Give a faithful, exact copy of all entries, minus the images.

——————

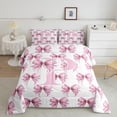 thumbnail image 3 of Feelyou Cute Pink Monogrammed Bedding Comforter Set for Child, Kawaii Bow Letter P Twin Comforter Sets, Dreamy Princess Style Reversible Bedding Set, Luxury Bedroom Decor, 2 Pieces, 3 of 9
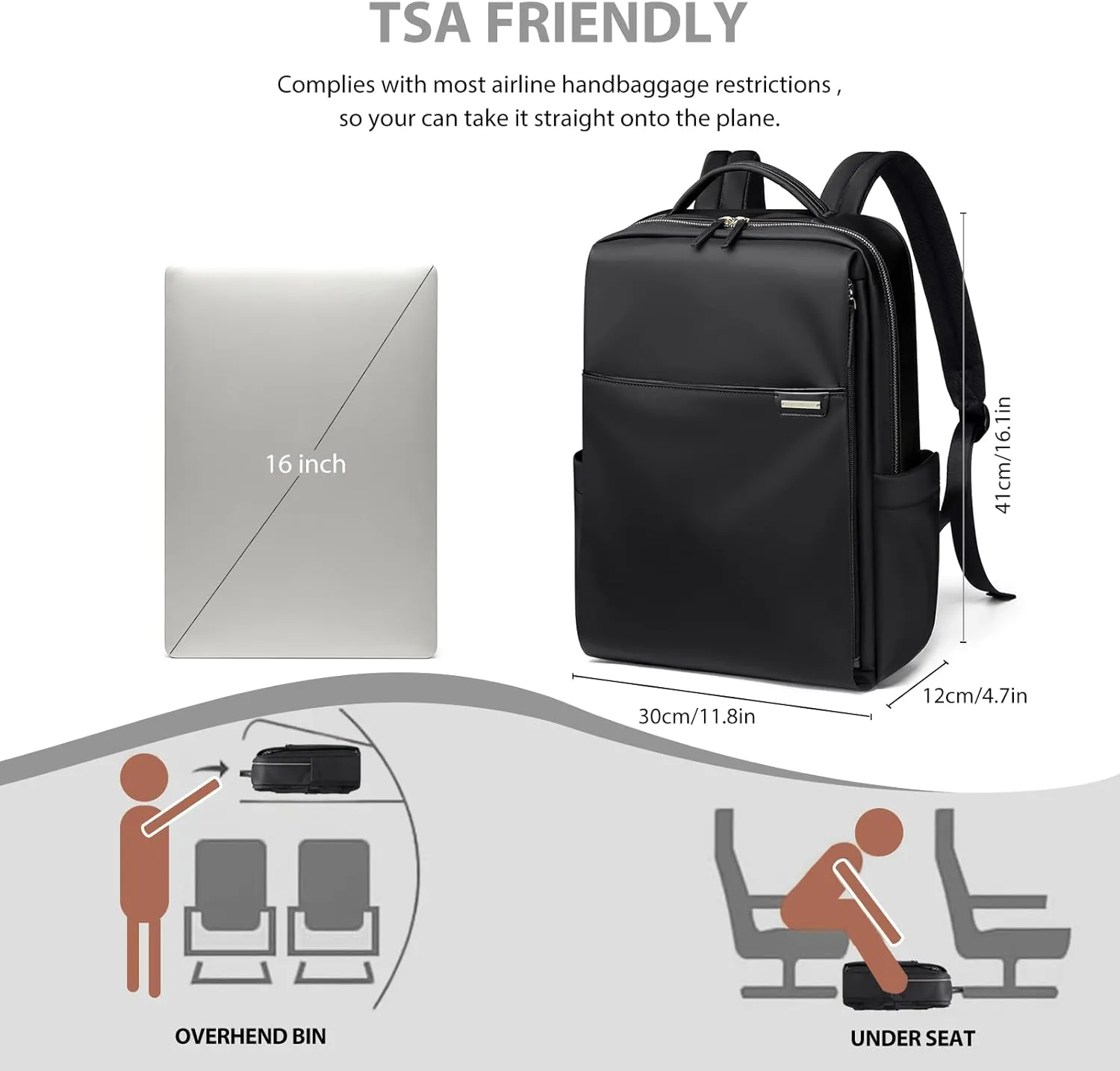 Laptop Backpack for Women, Work Business Traval Computer Backpacks with Laptop Compartment Waterproof Casual Daypack for Travel College,16Inch,Black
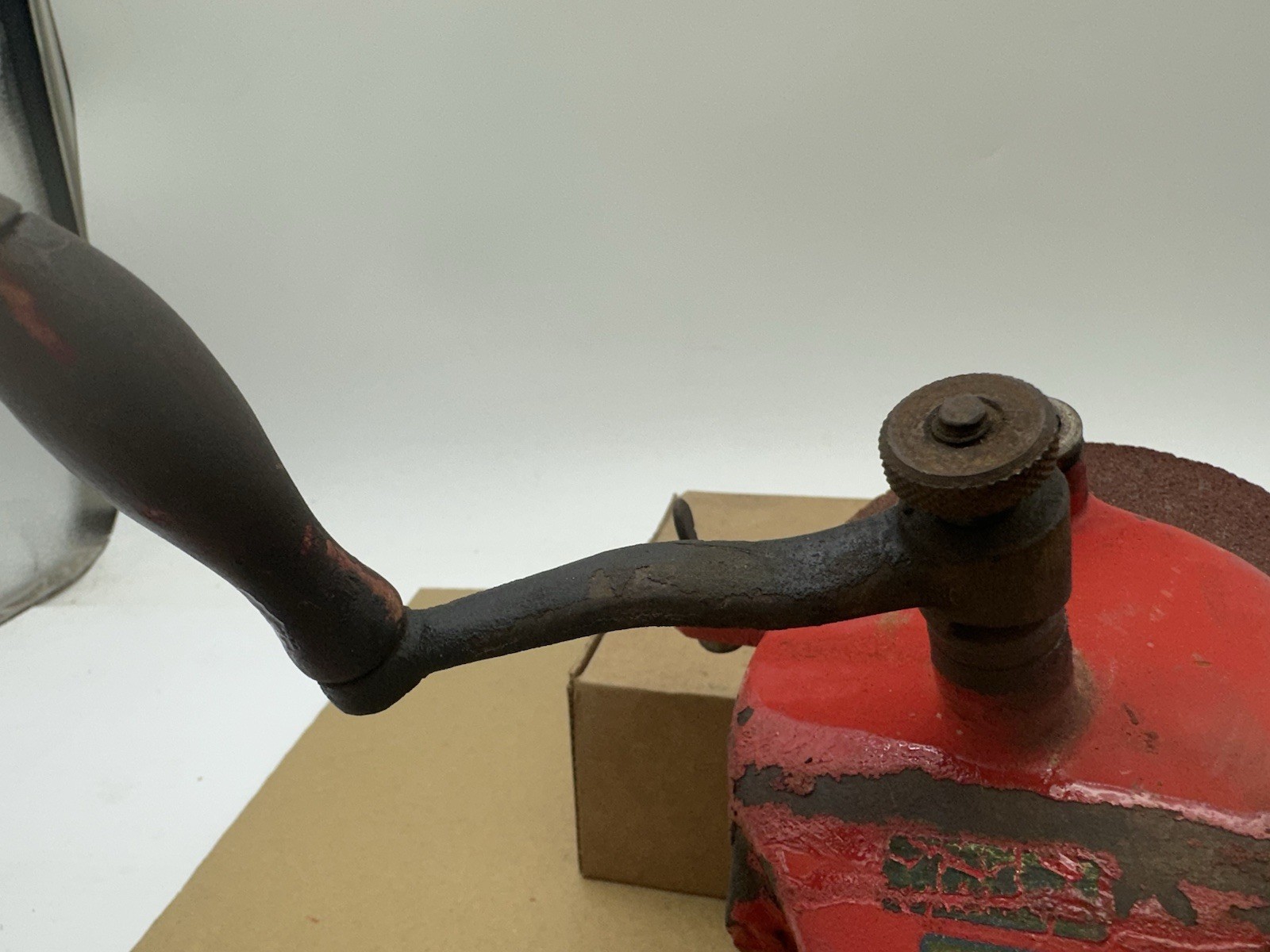 Vintage Antique Hand-Crank Bench Grinder 4-3/4” Diameter Grinding Wheel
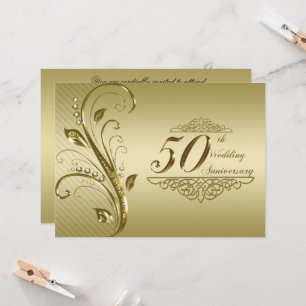 Cartão de Convite para Bodas de Ouro 50 anos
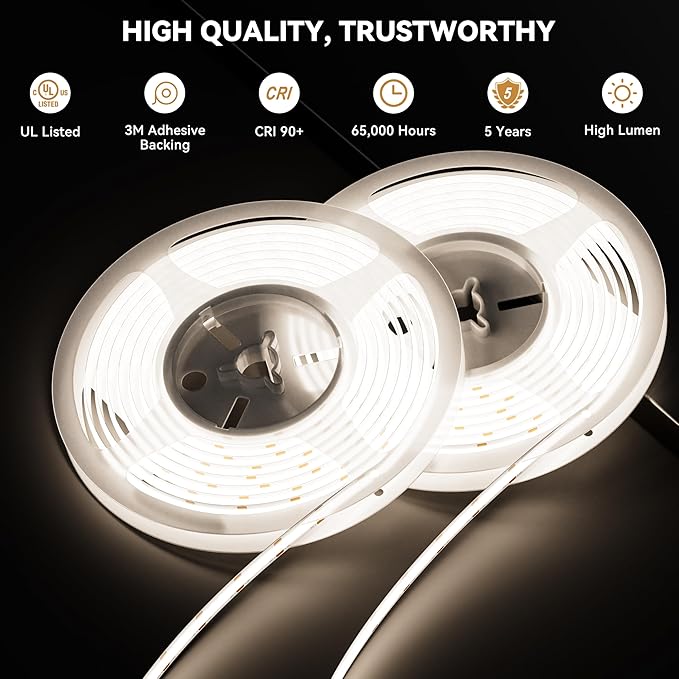 PAUTIX COB LED Strip Lights 48ft/15m Super Bright,504 LEDs/m Natural White 5000K CRI90+ Flexible LED Tape 24V for Cabinet Home DIY Lighting Projects with 2pcs COB Connector(Power Supply Not Included)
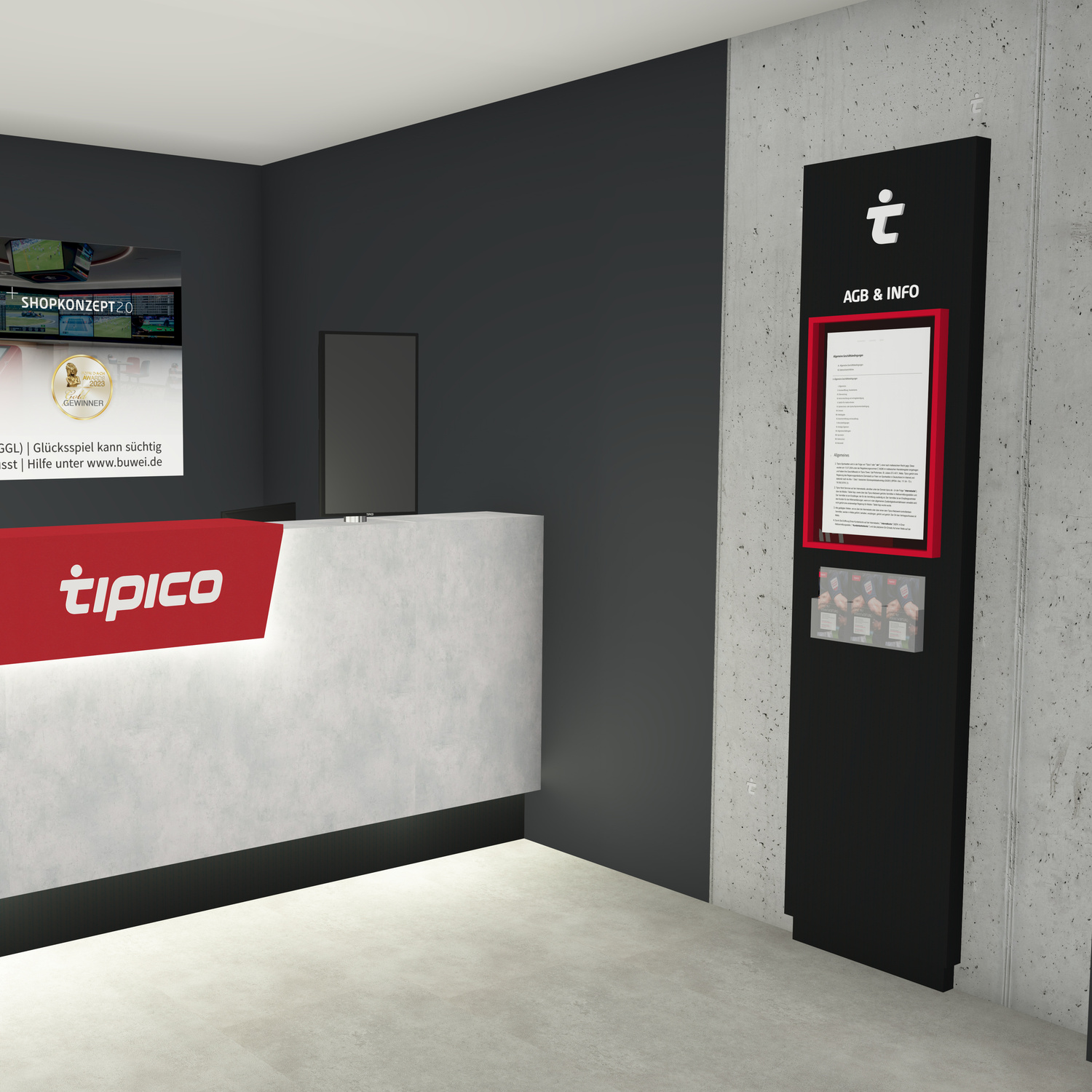 Tipico AGB u. Info Counter Wandelement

——————

» **TASK OUTPUT**
 thumbnail image 3 of Feelyou Cute Pink Monogrammed Bedding Comforter Set for Child, Kawaii Bow Letter P Twin Comforter Sets, Dreamy Princess Style Reversible Bedding Set, Luxury Bedroom Decor, 2 Pieces, 3 of 9
 Laptop Backpack for Women, Work Business Traval Computer Backpacks with Laptop Compartment Waterproof Casual Daypack for Travel College,16Inch,Black
 Vintage Antique Hand-Crank Bench Grinder 4-3/4” Diameter Grinding Wheel
 Cartão de Convite para Bodas de Ouro 50 anos
 PAUTIX COB LED Strip Lights 48ft/15m Super Bright,504 LEDs/m Natural White 5000K CRI90+ Flexible LED Tape 24V for Cabinet Home DIY Lighting Projects with 2pcs COB Connector(Power Supply Not Included)
 Tipico AGB u. Info Counter Wandelement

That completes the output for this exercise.